Copy each line of the following data that contains "Block".
====== Records for the exercise ======
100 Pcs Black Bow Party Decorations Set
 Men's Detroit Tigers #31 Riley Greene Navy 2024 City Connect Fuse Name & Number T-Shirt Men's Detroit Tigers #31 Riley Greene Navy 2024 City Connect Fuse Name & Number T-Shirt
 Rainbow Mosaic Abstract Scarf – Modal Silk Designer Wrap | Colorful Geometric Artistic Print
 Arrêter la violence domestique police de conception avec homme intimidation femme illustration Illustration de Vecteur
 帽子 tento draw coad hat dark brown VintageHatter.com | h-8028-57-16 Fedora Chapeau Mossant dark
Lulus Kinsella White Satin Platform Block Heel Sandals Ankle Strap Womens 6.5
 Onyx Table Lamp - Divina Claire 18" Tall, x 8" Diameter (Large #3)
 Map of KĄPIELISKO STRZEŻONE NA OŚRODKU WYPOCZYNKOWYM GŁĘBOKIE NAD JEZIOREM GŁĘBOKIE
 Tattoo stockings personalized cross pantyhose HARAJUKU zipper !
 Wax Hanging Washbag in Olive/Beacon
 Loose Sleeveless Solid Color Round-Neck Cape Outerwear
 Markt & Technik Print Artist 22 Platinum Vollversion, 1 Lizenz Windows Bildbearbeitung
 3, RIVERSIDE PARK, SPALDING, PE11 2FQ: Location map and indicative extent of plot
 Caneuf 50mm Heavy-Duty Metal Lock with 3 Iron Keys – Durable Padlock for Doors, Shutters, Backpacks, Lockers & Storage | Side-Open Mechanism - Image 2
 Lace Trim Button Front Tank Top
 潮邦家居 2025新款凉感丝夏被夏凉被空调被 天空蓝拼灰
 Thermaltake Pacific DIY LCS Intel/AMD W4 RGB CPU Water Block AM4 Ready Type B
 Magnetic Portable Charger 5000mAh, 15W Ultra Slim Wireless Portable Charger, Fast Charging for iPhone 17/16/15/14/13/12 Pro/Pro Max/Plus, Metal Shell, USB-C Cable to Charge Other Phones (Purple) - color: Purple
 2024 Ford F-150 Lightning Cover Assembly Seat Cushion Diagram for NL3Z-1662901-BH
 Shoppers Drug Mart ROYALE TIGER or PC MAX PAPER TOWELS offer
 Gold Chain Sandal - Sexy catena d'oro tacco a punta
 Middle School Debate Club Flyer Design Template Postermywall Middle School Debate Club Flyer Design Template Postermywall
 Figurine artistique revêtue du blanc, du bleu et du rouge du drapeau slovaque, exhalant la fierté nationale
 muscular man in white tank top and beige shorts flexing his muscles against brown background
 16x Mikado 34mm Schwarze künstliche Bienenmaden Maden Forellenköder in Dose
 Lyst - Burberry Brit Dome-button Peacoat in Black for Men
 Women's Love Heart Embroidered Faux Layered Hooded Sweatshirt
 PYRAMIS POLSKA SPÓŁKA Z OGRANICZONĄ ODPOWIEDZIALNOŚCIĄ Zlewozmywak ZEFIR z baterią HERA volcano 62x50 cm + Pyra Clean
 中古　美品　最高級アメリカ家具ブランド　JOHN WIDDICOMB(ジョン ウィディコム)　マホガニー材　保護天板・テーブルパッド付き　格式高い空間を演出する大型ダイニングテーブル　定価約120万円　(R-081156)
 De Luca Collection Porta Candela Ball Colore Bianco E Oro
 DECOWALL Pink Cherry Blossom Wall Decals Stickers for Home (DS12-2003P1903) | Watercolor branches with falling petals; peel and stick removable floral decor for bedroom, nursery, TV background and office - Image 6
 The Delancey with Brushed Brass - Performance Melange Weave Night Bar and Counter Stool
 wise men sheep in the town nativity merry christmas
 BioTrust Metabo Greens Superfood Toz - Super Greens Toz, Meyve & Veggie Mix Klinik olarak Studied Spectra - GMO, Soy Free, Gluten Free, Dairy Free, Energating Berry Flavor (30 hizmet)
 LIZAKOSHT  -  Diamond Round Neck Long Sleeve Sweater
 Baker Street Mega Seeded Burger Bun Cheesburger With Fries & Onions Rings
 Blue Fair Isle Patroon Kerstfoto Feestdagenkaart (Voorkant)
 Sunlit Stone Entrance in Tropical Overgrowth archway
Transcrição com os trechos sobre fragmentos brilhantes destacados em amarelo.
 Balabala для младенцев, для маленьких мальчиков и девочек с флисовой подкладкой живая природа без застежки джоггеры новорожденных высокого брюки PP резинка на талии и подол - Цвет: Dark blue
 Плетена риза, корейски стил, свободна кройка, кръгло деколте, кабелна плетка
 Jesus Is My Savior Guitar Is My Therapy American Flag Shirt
======
* Reply:
Lulus Kinsella White Satin Platform Block Heel Sandals Ankle Strap Womens 6.5
 Thermaltake Pacific DIY LCS Intel/AMD W4 RGB CPU Water Block AM4 Ready Type B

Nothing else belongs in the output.